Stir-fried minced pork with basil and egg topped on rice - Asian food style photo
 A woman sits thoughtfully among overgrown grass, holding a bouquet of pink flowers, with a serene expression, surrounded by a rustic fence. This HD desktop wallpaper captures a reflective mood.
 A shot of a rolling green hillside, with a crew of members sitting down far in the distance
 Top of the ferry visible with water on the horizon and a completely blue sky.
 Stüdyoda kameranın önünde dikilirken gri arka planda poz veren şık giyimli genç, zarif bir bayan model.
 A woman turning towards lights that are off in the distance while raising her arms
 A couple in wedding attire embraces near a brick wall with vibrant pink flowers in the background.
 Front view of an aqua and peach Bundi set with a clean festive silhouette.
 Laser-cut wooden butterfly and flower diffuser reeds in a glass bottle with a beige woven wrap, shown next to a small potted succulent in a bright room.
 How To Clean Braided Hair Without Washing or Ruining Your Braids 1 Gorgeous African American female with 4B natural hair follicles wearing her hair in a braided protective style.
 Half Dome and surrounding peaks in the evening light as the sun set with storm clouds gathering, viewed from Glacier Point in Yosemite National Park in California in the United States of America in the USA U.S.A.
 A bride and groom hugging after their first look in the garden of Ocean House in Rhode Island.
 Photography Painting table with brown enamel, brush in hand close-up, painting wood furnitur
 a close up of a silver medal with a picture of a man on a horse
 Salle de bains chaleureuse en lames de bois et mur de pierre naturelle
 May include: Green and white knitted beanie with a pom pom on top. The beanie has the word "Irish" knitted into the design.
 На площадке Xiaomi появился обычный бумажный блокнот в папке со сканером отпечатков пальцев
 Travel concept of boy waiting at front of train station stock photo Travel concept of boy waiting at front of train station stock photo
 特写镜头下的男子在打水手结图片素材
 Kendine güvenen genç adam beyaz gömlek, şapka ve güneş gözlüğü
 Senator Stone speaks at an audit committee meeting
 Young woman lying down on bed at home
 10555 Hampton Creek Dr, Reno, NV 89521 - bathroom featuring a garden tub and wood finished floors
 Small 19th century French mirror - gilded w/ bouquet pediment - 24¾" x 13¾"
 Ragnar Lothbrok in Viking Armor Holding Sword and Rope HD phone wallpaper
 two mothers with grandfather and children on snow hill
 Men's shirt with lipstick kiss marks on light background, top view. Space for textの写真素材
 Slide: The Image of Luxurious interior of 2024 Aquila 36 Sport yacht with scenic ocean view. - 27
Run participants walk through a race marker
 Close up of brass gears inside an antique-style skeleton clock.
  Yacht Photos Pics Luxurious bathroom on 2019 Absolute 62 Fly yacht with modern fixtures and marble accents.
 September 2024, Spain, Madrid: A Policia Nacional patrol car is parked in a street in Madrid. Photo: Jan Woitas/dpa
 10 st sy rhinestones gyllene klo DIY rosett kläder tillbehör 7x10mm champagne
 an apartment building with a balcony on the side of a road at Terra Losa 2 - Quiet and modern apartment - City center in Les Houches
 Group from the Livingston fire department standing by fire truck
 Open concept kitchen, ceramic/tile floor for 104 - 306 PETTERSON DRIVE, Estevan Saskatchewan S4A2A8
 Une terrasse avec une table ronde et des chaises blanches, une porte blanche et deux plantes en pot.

■ ■ ■ ■

# [What needs to be done]
No line before the one with "Slide: The Image" belongs in the answer; copy that line and the rest of the records exactly.

# [Written answer]
 Slide: The Image of Luxurious interior of 2024 Aquila 36 Sport yacht with scenic ocean view. - 27
Run participants walk through a race marker
 Close up of brass gears inside an antique-style skeleton clock.
  Yacht Photos Pics Luxurious bathroom on 2019 Absolute 62 Fly yacht with modern fixtures and marble accents.
 September 2024, Spain, Madrid: A Policia Nacional patrol car is parked in a street in Madrid. Photo: Jan Woitas/dpa
 10 st sy rhinestones gyllene klo DIY rosett kläder tillbehör 7x10mm champagne
 an apartment building with a balcony on the side of a road at Terra Losa 2 - Quiet and modern apartment - City center in Les Houches
 Group from the Livingston fire department standing by fire truck
 Open concept kitchen, ceramic/tile floor for 104 - 306 PETTERSON DRIVE, Estevan Saskatchewan S4A2A8
 Une terrasse avec une table ronde et des chaises blanches, une porte blanche et deux plantes en pot.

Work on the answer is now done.